1**idle_in_transaction_session_timeout fired mid-pipeline.** PostgreSQL closes sessions that sit inside an open transaction without activity for longer than the configured threshold. Long-running dbt models or ADF pipelines that open a transaction, pause for upstream processing, then resume will hit this when the pause exceeds the timeout — typically 30 s–5 min in managed services like Azure Database for PostgreSQL Flexible Server.
2**Connection pool returned a stale socket after a server restart or failover.** When the database server restarts (patch, failover, maintenance window), existing TCP connections are torn down. The pool does not know this until it tries to use one. The next query that gets that dead socket receives 08003 immediately.
3**Application held a connection open across a slow external call.** A pipeline that opens a transaction, calls an external API or writes to blob storage mid-transaction, then comes back to write to PostgreSQL will find the connection gone if the external call took longer than the server timeout allows.
4**TCP keepalive not configured, connection silently dropped by a firewall or NAT gateway.** Cloud NAT gateways (Azure NAT Gateway, AWS NAT) silently drop idle TCP connections after 4–10 minutes. The OS and application think the socket is still open; the server has already discarded it. The error only appears when the driver next writes to the dead socket.
5**`pool_recycle` interval longer than `wait_timeout` / server-side timeout.** If the pool recycles connections every 3600 s but the server closes idle connections after 600 s, there is a 2400-second window where the pool holds connections that are already dead server-side.
6**pgBouncer or other connection pooler in transaction mode closing the backend connection mid-session.** In transaction-pooling mode, pgBouncer may assign a different backend connection between statements.

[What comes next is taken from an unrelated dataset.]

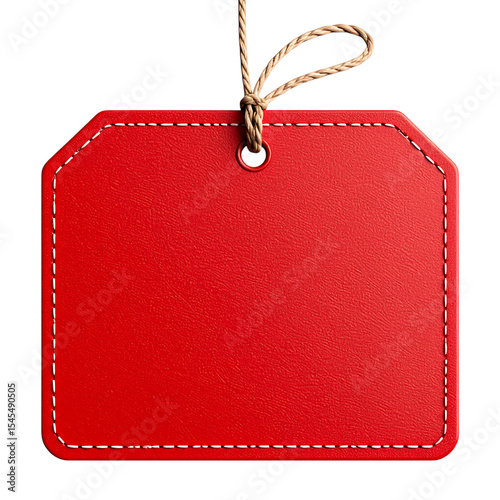 Red tag mockup blank price tag sale tag gift tag product tag marketing tag promotion tag discount tag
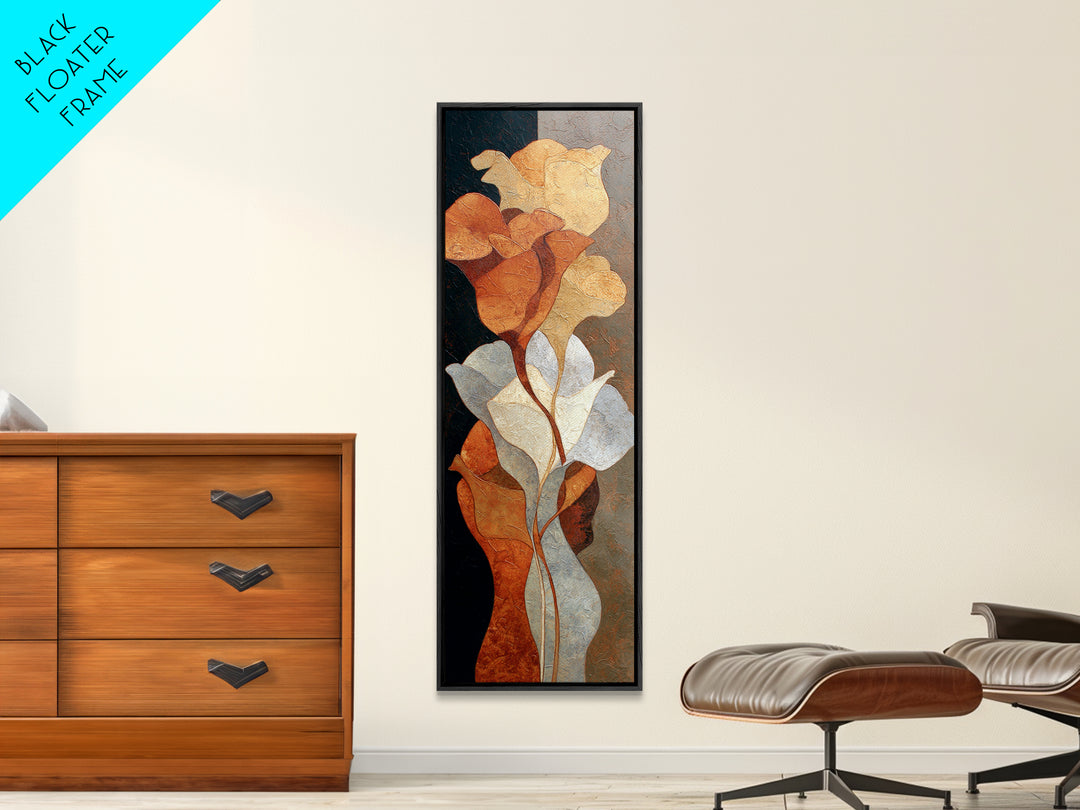 Face and Flower Blended into One Contour Canvas Print, Line Art, Canvas Print, Living Room Decor, Oil Painting, Line, LIN-1x3-44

If the pipeline assumes connection-level state (temp tables, SET LOCAL, prepared statements), the mismatch causes the next statement to land on a connection that does not have that state — or on one that is closing.
7**Concurrent `pg_terminate_backend()` call from an admin or monitoring script.** A DBA running `SELECT pg_terminate_backend(pid)` to clear long-running queries will terminate any active pipeline connection, which raises 08003 on the application side.

How to fix it

1Step 1: Enable pre-ping / connection validation in your pool. In SQLAlchemy: `create_engine(url, pool_pre_ping=True)`. In psycopg2 connection pools: issue a `SELECT 1` before handing out a connection. This adds ~0.3 ms overhead per checkout but eliminates 08003 from stale sockets.
2Step 2: Set `pool_recycle` shorter than the server's idle timeout. Check the server timeout: `SHOW idle_in_transaction_session_timeout;` and `SHOW tcp_keepalives_idle;`. Set `pool_recycle` to 60–80 % of the lower value. Example SQLAlchemy: `create_engine(url, pool_recycle=300)` when server timeout is 600 s.
3Step 3: Verify and tune server-side timeouts on Azure Database for PostgreSQL: in the Azure Portal → your server → Server parameters → search `idle_in_transaction_session_timeout`. For pipelines that need long transactions, raise it or set it to 0 (disabled) only for the pipeline role: `ALTER ROLE pipeline_user SET idle_in_transaction_session_timeout = 0;`
4Step 4: Configure OS-level TCP keepalives so the OS probes the connection before the NAT gateway drops it. In libpq connection string: `keepalives=1&keepalives_idle=60&keepalives_interval=10&keepalives_count=5`. This sends a keepalive probe after 60 s of inactivity, retrying every 10 s up to 5 times.
5Step 5: Identify currently open idle-in-transaction connections before they time out: `SELECT pid, usename, state, now() - state_change AS idle_duration, query FROM pg_stat_activity WHERE state = 'idle in transaction' ORDER BY idle_duration DESC;` Terminate the longest ones if they are from a hung pipeline: `SELECT pg_terminate_backend(pid) FROM pg_stat_activity WHERE state = 'idle in transaction' AND now() - state_change > interval '5 minutes';`
6Step 6: Add retry logic with exponential backoff around database calls in your pipeline. Catch `psycopg2.OperationalError` (or `sqlalchemy.exc.OperationalError`) where `pgcode == '08003'`, close and discard the connection, then re-acquire a fresh one from the pool and retry up to 3 times. Do not retry on the same connection object.
7Step 7: If using pgBouncer, switch the pipeline's database to session-pooling mode (`pool_mode = session` in pgbouncer.ini for that database entry) or ensure the pipeline does not rely on connection-level state across statements. Alternatively, connect the pipeline directly to PostgreSQL bypassing pgBouncer for long-running jobs.

Example log output

sqlalchemy.exc.OperationalError: (psycopg2.OperationalError) FATAL:  connection does not exist
SSLERROR: decryption failed or bad record mac
[SQL: SELECT id, updated_at FROM public.fact_orders WHERE updated_at > %(ts)s]
(Background on this error at: https://sqlalche.me/e/14/e3q8)ERROR 1 of 1 in model fact_orders (models/marts/fact_orders.sql)
  Database Error in model fact_orders
  connection does not exist
  compiled Code at target/compiled/marts/fact_orders.sqlActivity failed: CopyData | ErrorCode: UserErrorOdbcOperationFailed | Message: ODBC Source, Error [08003] connection does not exist | Pipeline: pl_ingest_postgres | Duration: 00:02:14

Frequently asked questions

08003 fix — what is the single fastest change I can make?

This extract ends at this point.